> [WHAT THE TASK ASKS]
Without the pictures, extract every line from the start of the material to the line containing "Зарядное устройство SkyDolphin", both ends included.

> [RECORDS PROVIDED]
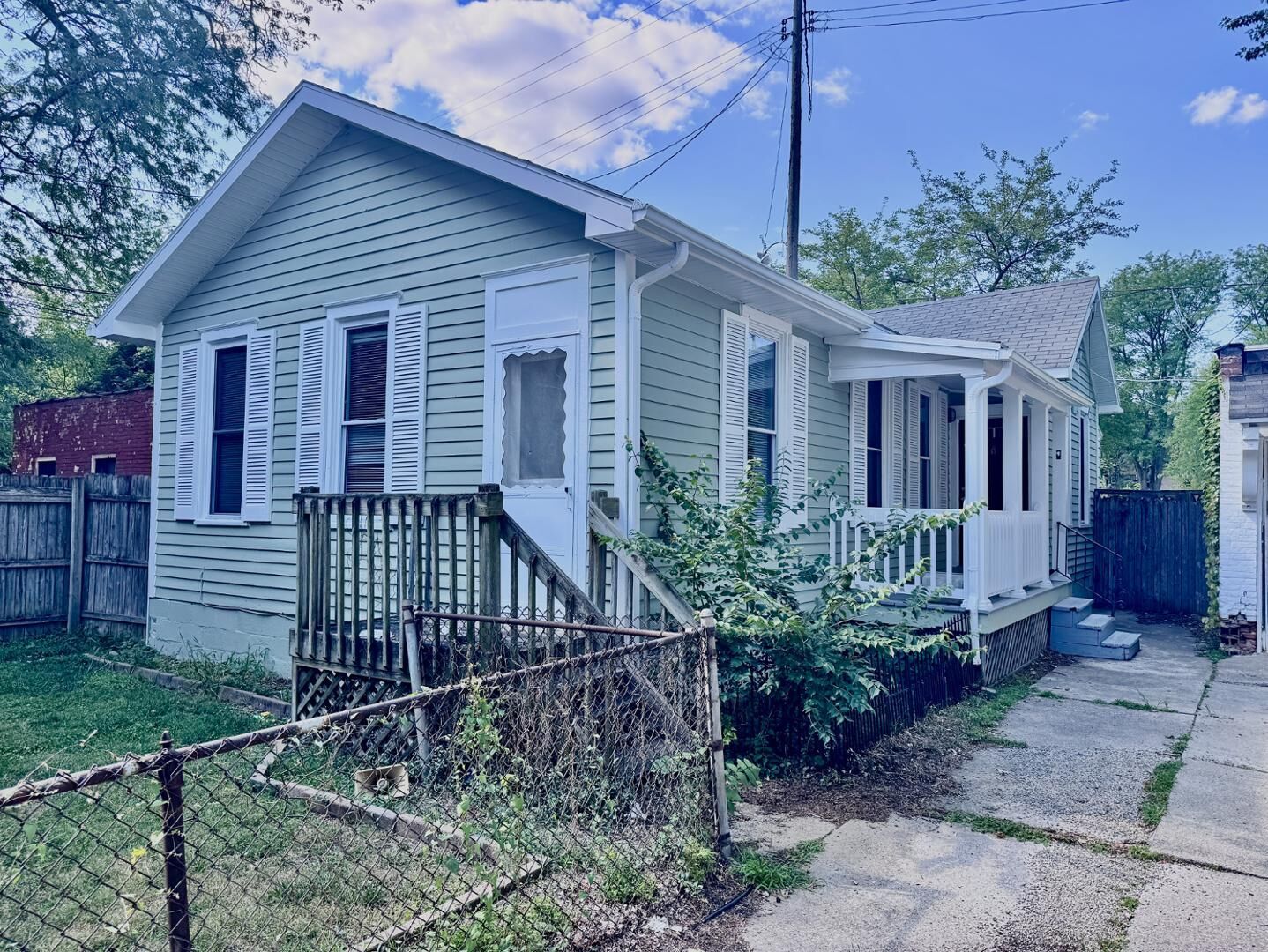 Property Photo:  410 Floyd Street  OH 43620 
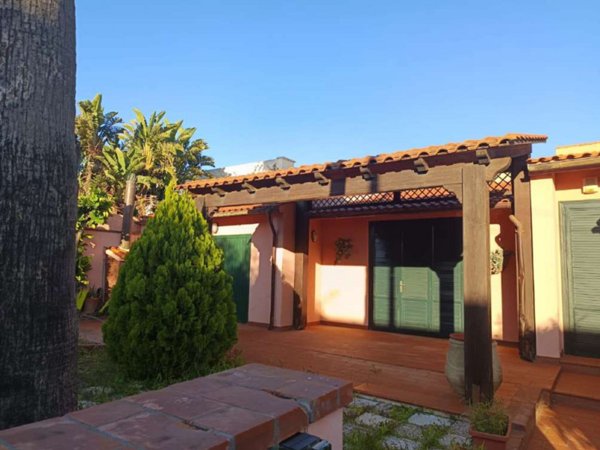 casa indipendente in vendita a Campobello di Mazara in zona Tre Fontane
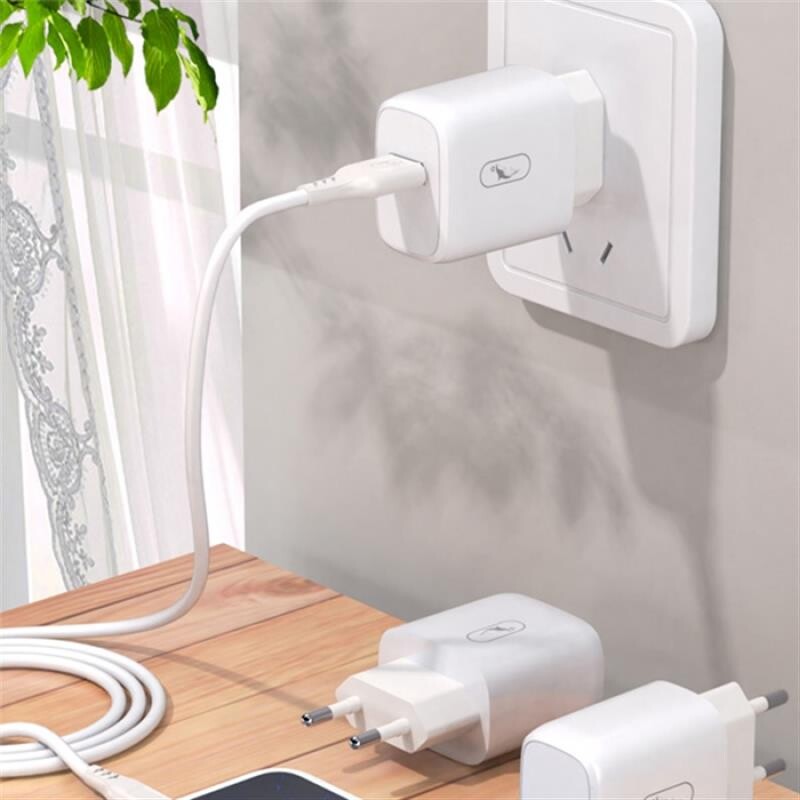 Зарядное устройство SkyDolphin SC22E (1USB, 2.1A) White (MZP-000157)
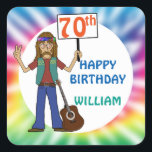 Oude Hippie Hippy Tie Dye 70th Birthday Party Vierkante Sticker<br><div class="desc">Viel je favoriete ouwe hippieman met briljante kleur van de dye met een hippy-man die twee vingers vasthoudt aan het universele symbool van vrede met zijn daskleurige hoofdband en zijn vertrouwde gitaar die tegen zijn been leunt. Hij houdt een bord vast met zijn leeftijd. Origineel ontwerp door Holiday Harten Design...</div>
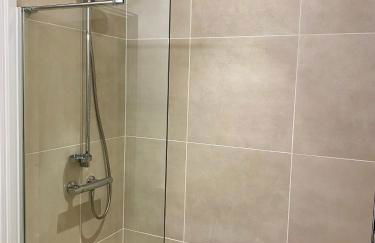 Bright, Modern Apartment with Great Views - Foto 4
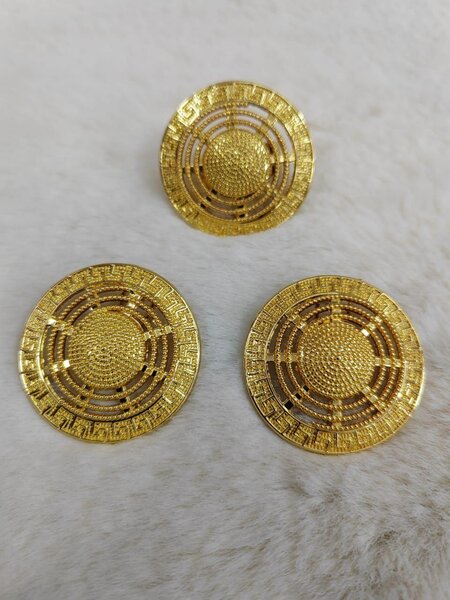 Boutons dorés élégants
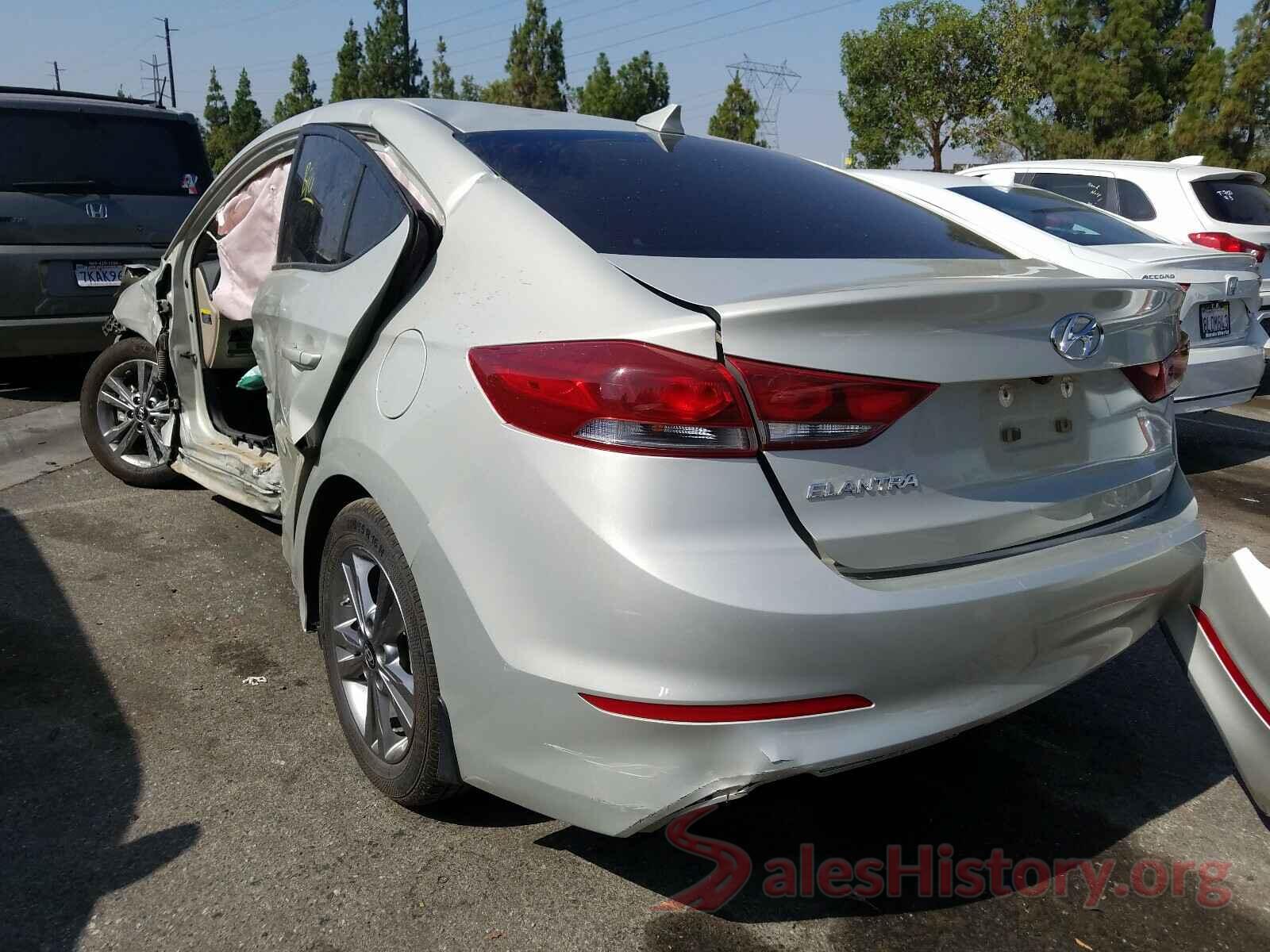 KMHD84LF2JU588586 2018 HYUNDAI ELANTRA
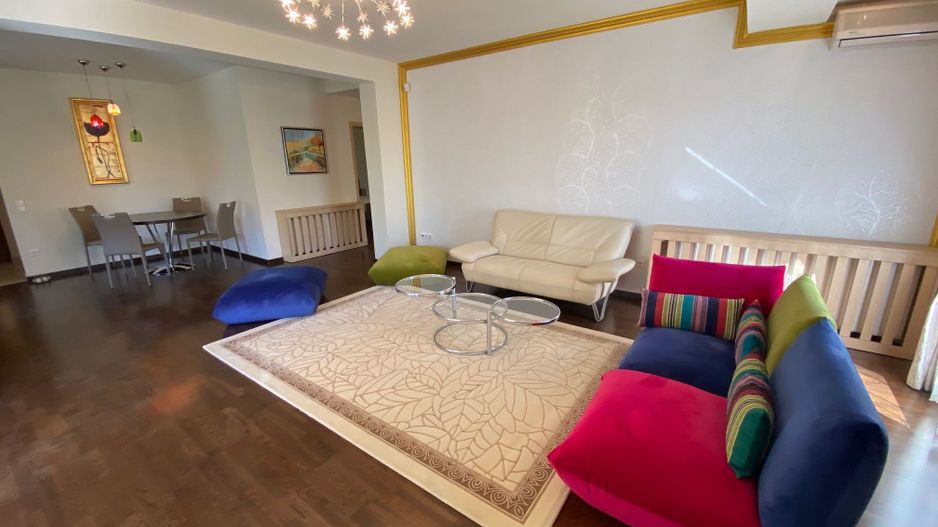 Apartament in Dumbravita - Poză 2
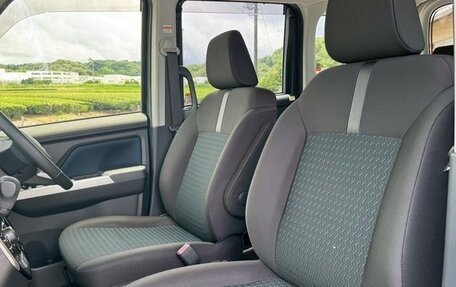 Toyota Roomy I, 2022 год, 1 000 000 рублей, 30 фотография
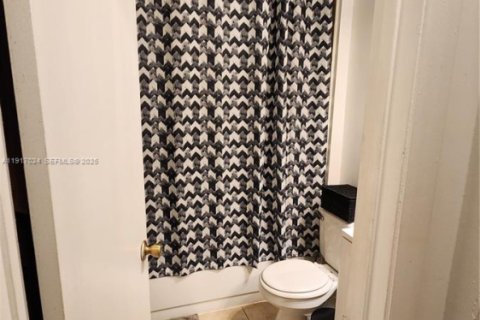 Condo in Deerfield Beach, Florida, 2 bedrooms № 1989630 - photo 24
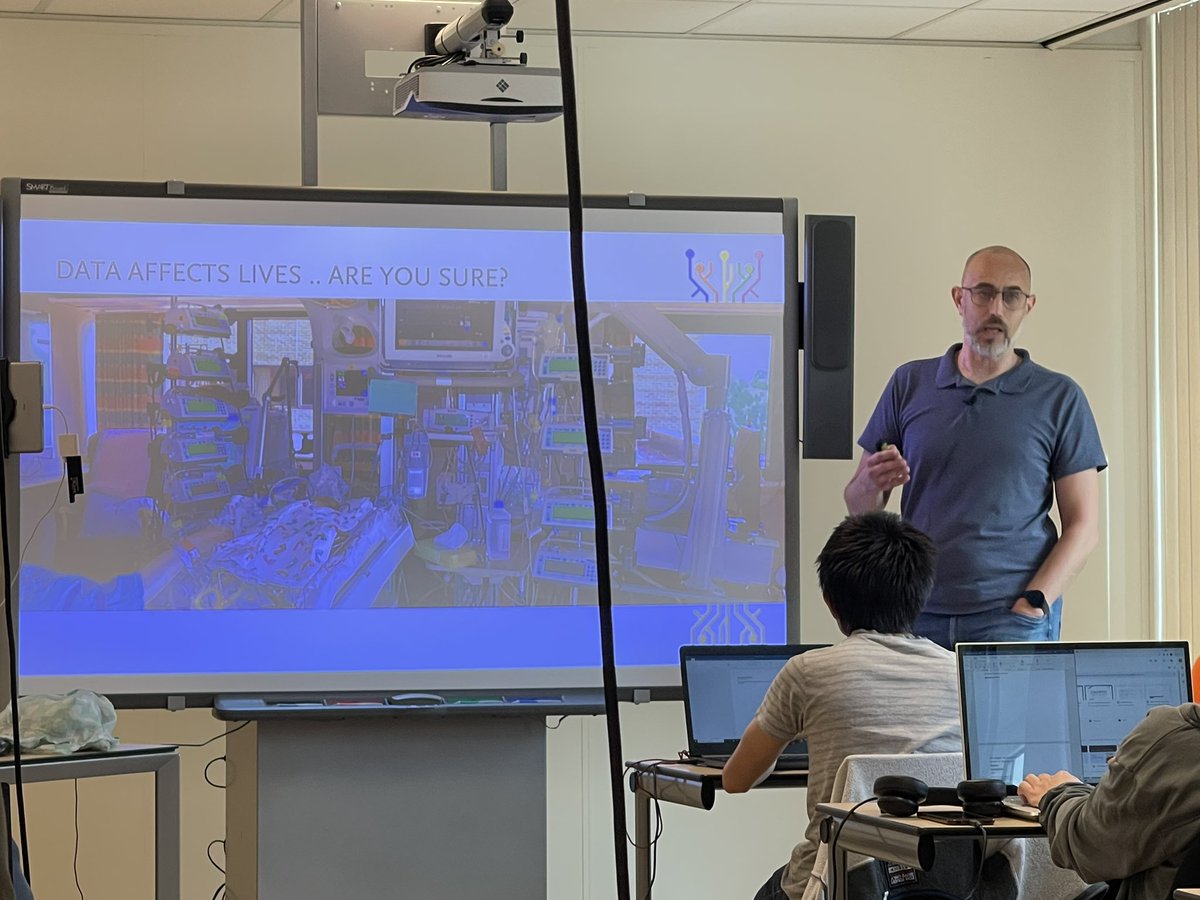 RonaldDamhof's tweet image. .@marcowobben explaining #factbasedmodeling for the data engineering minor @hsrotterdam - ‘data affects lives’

> [EXPECTED ANSWER]
 Property Photo:  410 Floyd Street  OH 43620 
 casa indipendente in vendita a Campobello di Mazara in zona Tre Fontane
 Зарядное устройство SkyDolphin SC22E (1USB, 2.1A) White (MZP-000157)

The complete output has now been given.